From the t-distribution table, for df = 7 and α = 0.01 (one-tailed), the critical t-value is approximately 2.998.

Step 5: Make a Decision

Since the calculated t-statistic (0.9857) is less than the critical t-value (2.998), we fail to reject the null hypothesis.

Conclusion for (ii):

At the 0.01 level of significance, even when using a paired t-test, we cannot conclude that Feed B is more effective than Feed A. The mean difference in weight gain is not statistically significant. The substantial negative difference for one animal (-15 kg) significantly impacts the overall mean difference and standard deviation, reducing the t-statistic.

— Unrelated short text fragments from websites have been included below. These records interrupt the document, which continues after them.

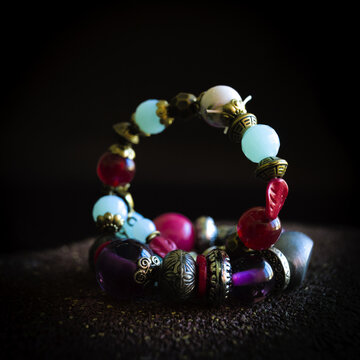 Closeup shot of a colorful necklace with beeds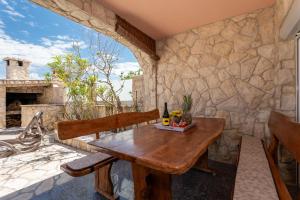 a wooden table and chairs on a patio with a stone wall at Bayview Villa by Pag tours in Pag
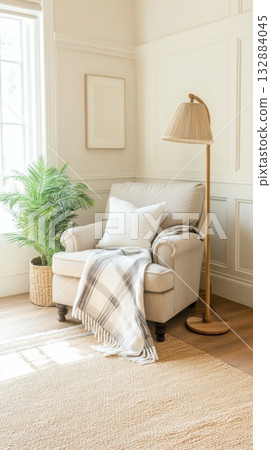 Cozy Reading Nook with Armchair, Leaf Motif Lamp and Neutral Beige Decor for Rest and Relaxation 132884045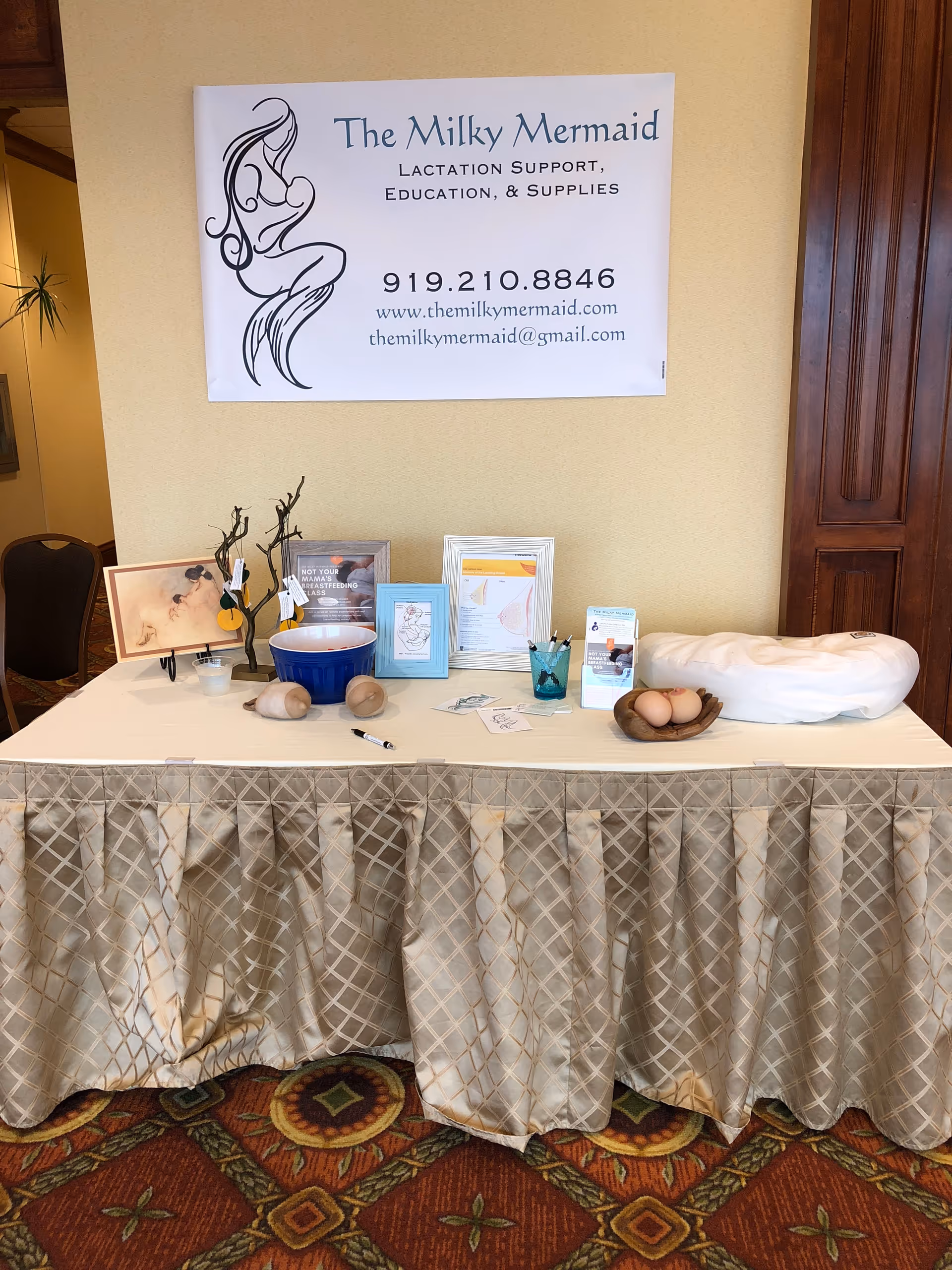 Indoor display table with promotional materials and a large The Milky Mermaid Lactation Services banner.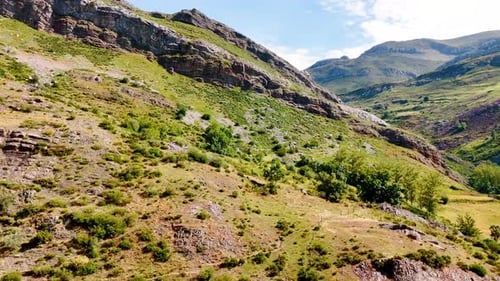 Aerial View of Serene Mountain Valley Landscape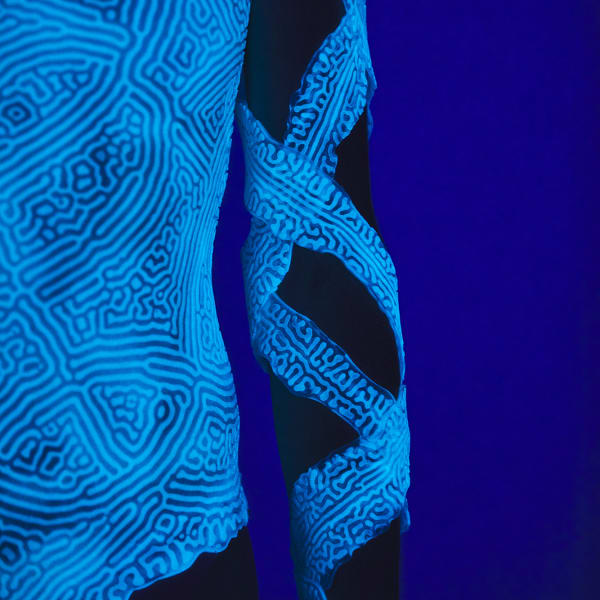 Bioluminescent fabric wrapped in two intertwining strands down a model's arm  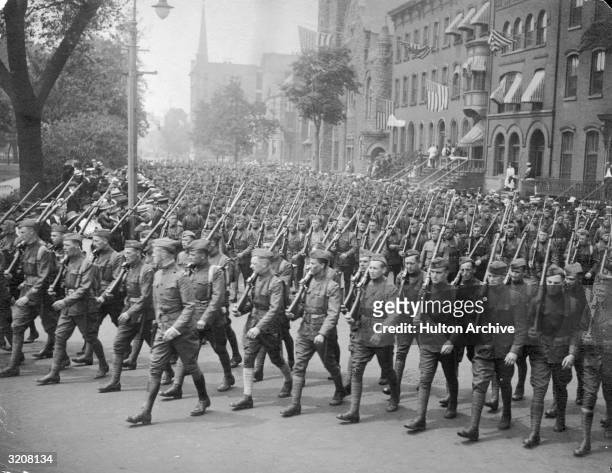 World War I victory parade of armed soldiers on Broad Street in Newark, NJ.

Summary of Differences Between Independent and Paired t-tests

The choice between an independent and a paired t-test hinges on the nature of the samples being compared. This distinction is crucial for accurate statistical inference.

Feature	Independent Samples t-test	Paired Samples t-test
Sample Relationship	Two distinct, unrelated groups (e.g., Feed A given to one group, Feed B to another).	Two measurements from the same group or matched pairs (e.g., same animals receive both feeds).
Data Structure	Two sets of measurements, assumed to be independent.	One set of differences calculated from paired observations.
Hypothesis Focus	Compares the means of two independent populations (μ1 vs. μ2).	Compares the mean of the differences (μd) to zero.
Degrees of Freedom	n1 + n2 - 2	n - 1 (where n is the number of pairs)
Statistical Power	Generally lower if pairing exists but is ignored.	Higher when pairing is naturally present, as it controls for inter-subject variability.
Variance Assumption	Often assumes equal population variances (pooled variance used).	Focuses on the variance of the differences, not individual group variances.

Additional Resources

Key Definitions

Hypothesis Testing

A statistical method used to make inferences about a population parameter based on sample data. It involves setting up a null hypothesis and an alternative hypothesis, collecting data, calculating a test statistic, and comparing it to a critical value or p-value to decide whether to reject the null hypothesis.

Level of Significance (α)

The probability of rejecting the null hypothesis when it is actually true (Type I error). Common values are 0.05, 0.01, or 0.025, representing the threshold for statistical significance.

Key Statistics

A 2023 study on livestock feed efficiency by the Indian Council of Agricultural Research (ICAR) found that optimizing feed formulations could lead to a 10-15% increase in daily weight gain in cattle, significantly impacting agricultural productivity.

Source: Indian Council of Agricultural Research (ICAR), 2023 Annual Report (Illustrative)

Global animal feed production reached approximately 1.29 billion metric tons in 2023, with a significant portion dedicated to poultry and swine, highlighting the economic importance of feed effectiveness research. (Source: Alltech Global Feed Survey 2024, illustrative data point)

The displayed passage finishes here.